▸ What is needed
What you give back must match the data exactly, minus the pictures.

▸ Provided material
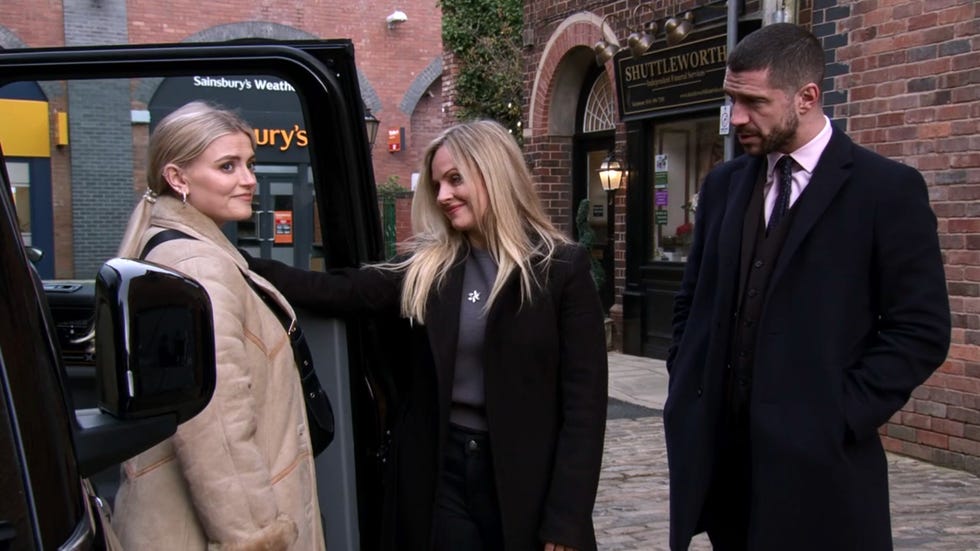 three individuals engaged in conversation near a vehicle in an urban setting with brick buildings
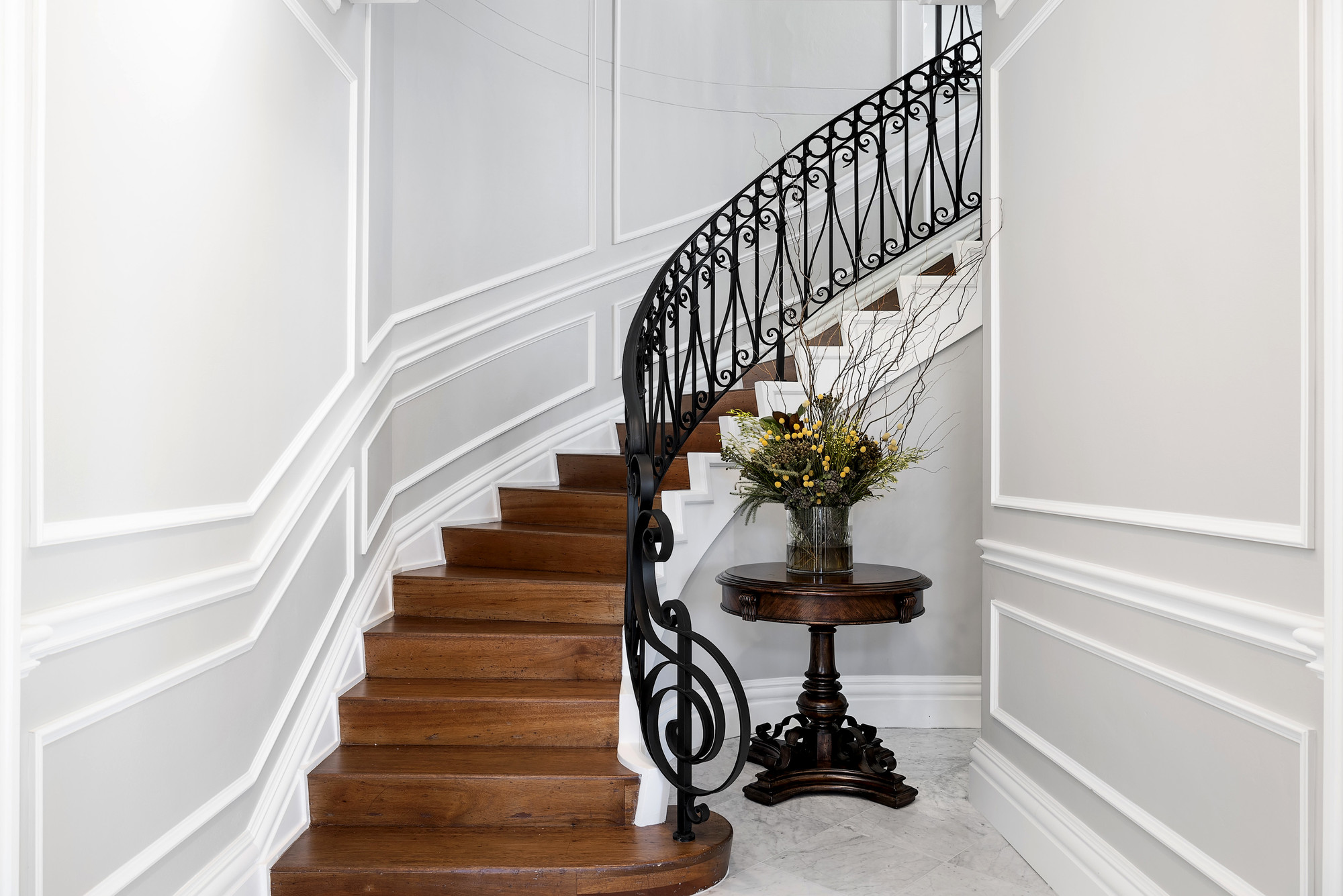 Curved staircase with timber treads, ornate black wrought iron balustrade, and classic wall panelling throughout
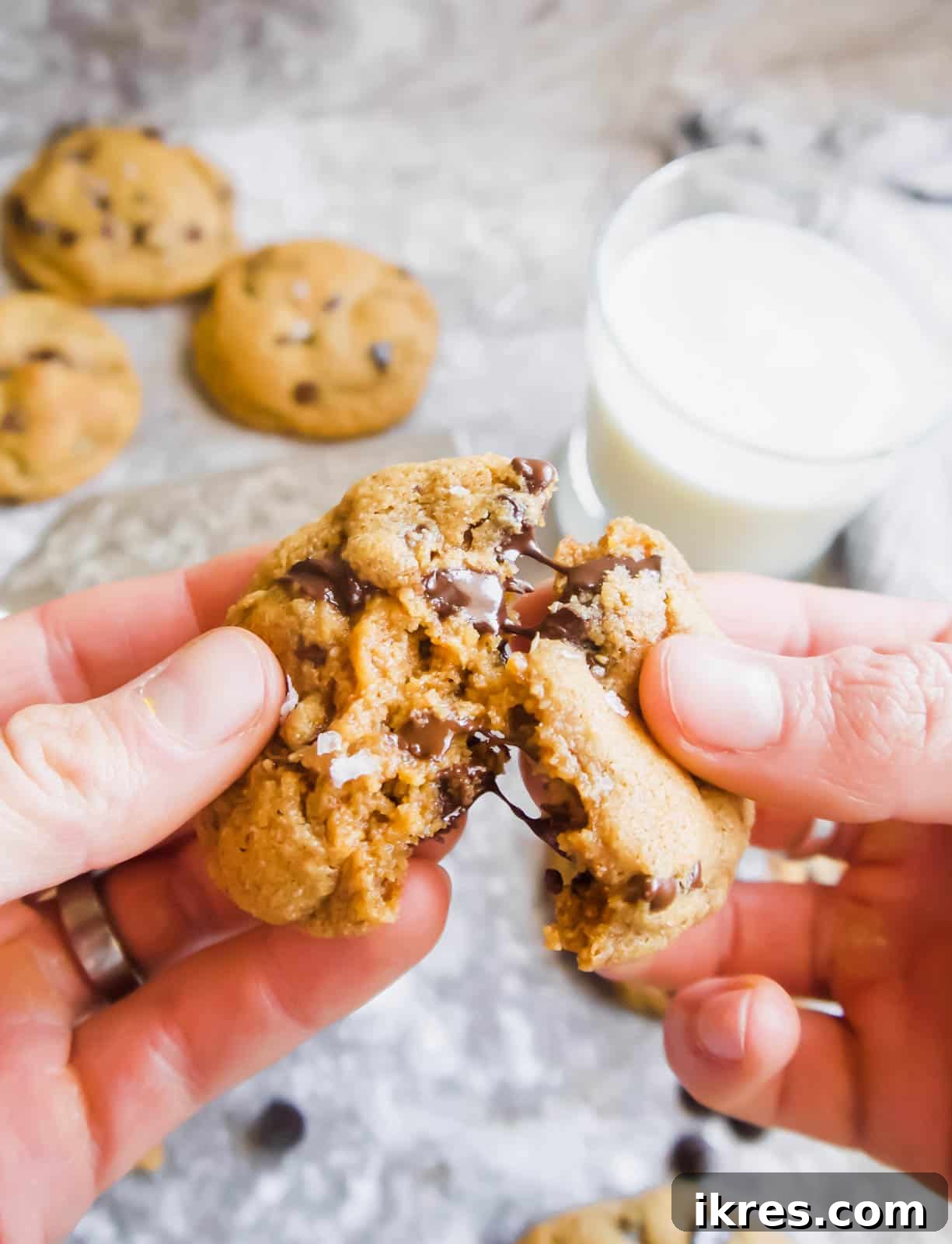 Grain and Dairy Free Paleo Chocolate Chip Cookies 10 Hands breaking a coconut oil chocolate chip cookie in half, revealing its soft, chewy center.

▸ Task output
 three individuals engaged in conversation near a vehicle in an urban setting with brick buildings
 Curved staircase with timber treads, ornate black wrought iron balustrade, and classic wall panelling throughout
 Grain and Dairy Free Paleo Chocolate Chip Cookies 10 Hands breaking a coconut oil chocolate chip cookie in half, revealing its soft, chewy center.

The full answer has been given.